» EXERCISE GOAL
From the first line to the last, retype the data below exactly.

» DATA
********************
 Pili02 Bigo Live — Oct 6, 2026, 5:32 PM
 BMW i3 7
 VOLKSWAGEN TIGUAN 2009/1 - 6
********************
» SOLUTION FOR THIS PROBLEM
 Pili02 Bigo Live — Oct 6, 2026, 5:32 PM
 BMW i3 7
 VOLKSWAGEN TIGUAN 2009/1 - 6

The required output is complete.